= Extracted records =

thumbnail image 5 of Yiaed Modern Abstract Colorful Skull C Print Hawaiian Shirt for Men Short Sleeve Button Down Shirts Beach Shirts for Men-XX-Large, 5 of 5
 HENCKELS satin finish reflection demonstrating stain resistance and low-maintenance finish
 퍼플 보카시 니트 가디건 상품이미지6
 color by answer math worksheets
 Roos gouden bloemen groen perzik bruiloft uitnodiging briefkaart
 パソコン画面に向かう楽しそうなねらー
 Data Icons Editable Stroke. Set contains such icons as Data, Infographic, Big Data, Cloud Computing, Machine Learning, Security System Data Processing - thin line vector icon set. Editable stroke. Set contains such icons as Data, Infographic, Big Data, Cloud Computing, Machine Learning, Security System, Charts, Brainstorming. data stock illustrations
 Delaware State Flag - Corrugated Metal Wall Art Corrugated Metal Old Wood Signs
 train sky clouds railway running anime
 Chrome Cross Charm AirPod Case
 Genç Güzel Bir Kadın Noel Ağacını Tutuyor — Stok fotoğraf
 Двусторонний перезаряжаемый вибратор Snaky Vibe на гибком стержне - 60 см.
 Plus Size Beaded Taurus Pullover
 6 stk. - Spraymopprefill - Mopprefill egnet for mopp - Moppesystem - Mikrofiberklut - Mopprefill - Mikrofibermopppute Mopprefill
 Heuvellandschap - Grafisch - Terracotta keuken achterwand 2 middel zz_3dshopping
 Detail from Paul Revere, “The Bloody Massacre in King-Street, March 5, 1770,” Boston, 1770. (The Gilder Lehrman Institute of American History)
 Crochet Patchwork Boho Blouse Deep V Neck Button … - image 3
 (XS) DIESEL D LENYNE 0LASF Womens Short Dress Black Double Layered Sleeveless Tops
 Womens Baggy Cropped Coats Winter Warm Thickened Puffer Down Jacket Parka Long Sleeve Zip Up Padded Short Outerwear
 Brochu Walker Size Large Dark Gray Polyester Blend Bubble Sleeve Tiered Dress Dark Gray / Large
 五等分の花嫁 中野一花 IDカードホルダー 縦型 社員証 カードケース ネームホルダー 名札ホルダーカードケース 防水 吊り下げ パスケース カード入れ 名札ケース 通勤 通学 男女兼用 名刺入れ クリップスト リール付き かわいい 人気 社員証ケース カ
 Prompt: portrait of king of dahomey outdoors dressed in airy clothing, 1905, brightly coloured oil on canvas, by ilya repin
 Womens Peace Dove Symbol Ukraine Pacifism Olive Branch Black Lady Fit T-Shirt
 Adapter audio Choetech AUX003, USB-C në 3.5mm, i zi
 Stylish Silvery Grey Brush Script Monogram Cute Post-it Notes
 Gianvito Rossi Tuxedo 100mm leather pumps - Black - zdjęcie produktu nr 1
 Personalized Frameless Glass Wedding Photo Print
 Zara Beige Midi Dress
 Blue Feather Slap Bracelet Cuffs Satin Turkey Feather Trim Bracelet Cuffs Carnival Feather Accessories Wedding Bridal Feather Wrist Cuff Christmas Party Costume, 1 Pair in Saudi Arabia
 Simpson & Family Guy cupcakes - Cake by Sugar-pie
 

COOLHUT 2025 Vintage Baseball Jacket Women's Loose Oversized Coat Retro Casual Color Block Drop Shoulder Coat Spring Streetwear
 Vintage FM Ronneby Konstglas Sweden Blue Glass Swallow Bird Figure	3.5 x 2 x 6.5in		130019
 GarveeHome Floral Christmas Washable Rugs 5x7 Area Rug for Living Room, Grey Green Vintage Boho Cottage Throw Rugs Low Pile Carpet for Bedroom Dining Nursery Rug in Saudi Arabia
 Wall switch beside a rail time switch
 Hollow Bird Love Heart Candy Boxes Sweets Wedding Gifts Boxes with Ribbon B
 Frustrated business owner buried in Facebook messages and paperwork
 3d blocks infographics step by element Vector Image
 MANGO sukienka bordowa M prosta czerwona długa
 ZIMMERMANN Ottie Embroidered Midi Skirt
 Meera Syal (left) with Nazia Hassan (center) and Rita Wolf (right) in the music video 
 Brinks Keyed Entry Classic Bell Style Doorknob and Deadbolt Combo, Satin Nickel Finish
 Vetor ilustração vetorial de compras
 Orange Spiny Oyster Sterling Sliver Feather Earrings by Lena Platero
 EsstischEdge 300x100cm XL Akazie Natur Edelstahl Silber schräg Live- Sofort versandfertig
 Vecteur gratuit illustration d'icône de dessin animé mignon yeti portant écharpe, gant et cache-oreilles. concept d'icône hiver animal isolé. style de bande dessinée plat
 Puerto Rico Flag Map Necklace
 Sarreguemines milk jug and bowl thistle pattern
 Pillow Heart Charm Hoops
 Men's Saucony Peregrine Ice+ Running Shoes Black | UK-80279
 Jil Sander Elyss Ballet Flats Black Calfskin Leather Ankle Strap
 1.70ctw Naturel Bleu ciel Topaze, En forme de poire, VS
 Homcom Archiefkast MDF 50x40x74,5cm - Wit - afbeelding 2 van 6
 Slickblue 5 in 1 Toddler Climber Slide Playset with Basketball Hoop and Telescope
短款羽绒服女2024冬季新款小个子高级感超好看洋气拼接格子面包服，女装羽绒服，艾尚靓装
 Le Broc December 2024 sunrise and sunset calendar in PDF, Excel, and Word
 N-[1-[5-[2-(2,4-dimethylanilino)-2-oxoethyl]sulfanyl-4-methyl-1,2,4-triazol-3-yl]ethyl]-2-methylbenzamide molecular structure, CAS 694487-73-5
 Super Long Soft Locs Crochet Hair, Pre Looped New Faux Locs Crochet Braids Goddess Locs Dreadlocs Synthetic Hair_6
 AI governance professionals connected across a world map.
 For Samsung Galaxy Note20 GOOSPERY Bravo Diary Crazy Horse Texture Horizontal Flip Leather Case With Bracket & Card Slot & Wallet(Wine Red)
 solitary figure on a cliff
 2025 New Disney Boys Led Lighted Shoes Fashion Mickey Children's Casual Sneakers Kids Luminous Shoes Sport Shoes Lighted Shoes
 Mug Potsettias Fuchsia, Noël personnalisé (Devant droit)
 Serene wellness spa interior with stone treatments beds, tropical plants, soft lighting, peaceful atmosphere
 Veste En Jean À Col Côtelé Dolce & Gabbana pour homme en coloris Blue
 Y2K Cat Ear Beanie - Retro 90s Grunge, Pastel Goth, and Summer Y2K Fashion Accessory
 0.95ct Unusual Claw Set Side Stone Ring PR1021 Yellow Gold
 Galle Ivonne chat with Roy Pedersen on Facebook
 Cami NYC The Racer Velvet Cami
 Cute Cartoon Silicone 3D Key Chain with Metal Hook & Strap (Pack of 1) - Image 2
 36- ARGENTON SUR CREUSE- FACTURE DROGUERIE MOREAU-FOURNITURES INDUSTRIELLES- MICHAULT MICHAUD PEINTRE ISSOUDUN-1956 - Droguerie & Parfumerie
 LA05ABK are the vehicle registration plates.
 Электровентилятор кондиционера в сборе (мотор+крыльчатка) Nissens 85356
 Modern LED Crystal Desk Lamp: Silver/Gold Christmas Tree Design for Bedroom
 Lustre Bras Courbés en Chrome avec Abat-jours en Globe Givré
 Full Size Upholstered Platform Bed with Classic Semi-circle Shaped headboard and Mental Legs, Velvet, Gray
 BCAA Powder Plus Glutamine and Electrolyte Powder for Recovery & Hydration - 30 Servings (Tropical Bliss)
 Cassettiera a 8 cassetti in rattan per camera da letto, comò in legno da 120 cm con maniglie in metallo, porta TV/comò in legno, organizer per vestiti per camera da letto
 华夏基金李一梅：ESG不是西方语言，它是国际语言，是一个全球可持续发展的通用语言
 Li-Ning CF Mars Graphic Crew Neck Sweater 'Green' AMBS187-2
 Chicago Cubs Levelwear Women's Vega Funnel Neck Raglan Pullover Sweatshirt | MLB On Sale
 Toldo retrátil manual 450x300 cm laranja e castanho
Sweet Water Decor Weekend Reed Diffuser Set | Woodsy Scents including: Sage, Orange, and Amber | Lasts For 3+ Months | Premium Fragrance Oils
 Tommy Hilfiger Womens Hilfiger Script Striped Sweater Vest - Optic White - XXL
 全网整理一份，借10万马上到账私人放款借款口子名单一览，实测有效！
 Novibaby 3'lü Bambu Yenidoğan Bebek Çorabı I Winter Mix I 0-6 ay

= Prompt =
Quote the listing above, but only from the line that shows "Zara Beige Midi Dress" through the line that shows "Le Broc December".

= Solution below =
 Zara Beige Midi Dress
 Blue Feather Slap Bracelet Cuffs Satin Turkey Feather Trim Bracelet Cuffs Carnival Feather Accessories Wedding Bridal Feather Wrist Cuff Christmas Party Costume, 1 Pair in Saudi Arabia
 Simpson & Family Guy cupcakes - Cake by Sugar-pie
 

COOLHUT 2025 Vintage Baseball Jacket Women's Loose Oversized Coat Retro Casual Color Block Drop Shoulder Coat Spring Streetwear
 Vintage FM Ronneby Konstglas Sweden Blue Glass Swallow Bird Figure	3.5 x 2 x 6.5in		130019
 GarveeHome Floral Christmas Washable Rugs 5x7 Area Rug for Living Room, Grey Green Vintage Boho Cottage Throw Rugs Low Pile Carpet for Bedroom Dining Nursery Rug in Saudi Arabia
 Wall switch beside a rail time switch
 Hollow Bird Love Heart Candy Boxes Sweets Wedding Gifts Boxes with Ribbon B
 Frustrated business owner buried in Facebook messages and paperwork
 3d blocks infographics step by element Vector Image
 MANGO sukienka bordowa M prosta czerwona długa
 ZIMMERMANN Ottie Embroidered Midi Skirt
 Meera Syal (left) with Nazia Hassan (center) and Rita Wolf (right) in the music video 
 Brinks Keyed Entry Classic Bell Style Doorknob and Deadbolt Combo, Satin Nickel Finish
 Vetor ilustração vetorial de compras
 Orange Spiny Oyster Sterling Sliver Feather Earrings by Lena Platero
 EsstischEdge 300x100cm XL Akazie Natur Edelstahl Silber schräg Live- Sofort versandfertig
 Vecteur gratuit illustration d'icône de dessin animé mignon yeti portant écharpe, gant et cache-oreilles. concept d'icône hiver animal isolé. style de bande dessinée plat
 Puerto Rico Flag Map Necklace
 Sarreguemines milk jug and bowl thistle pattern
 Pillow Heart Charm Hoops
 Men's Saucony Peregrine Ice+ Running Shoes Black | UK-80279
 Jil Sander Elyss Ballet Flats Black Calfskin Leather Ankle Strap
 1.70ctw Naturel Bleu ciel Topaze, En forme de poire, VS
 Homcom Archiefkast MDF 50x40x74,5cm - Wit - afbeelding 2 van 6
 Slickblue 5 in 1 Toddler Climber Slide Playset with Basketball Hoop and Telescope
短款羽绒服女2024冬季新款小个子高级感超好看洋气拼接格子面包服，女装羽绒服，艾尚靓装
 Le Broc December 2024 sunrise and sunset calendar in PDF, Excel, and Word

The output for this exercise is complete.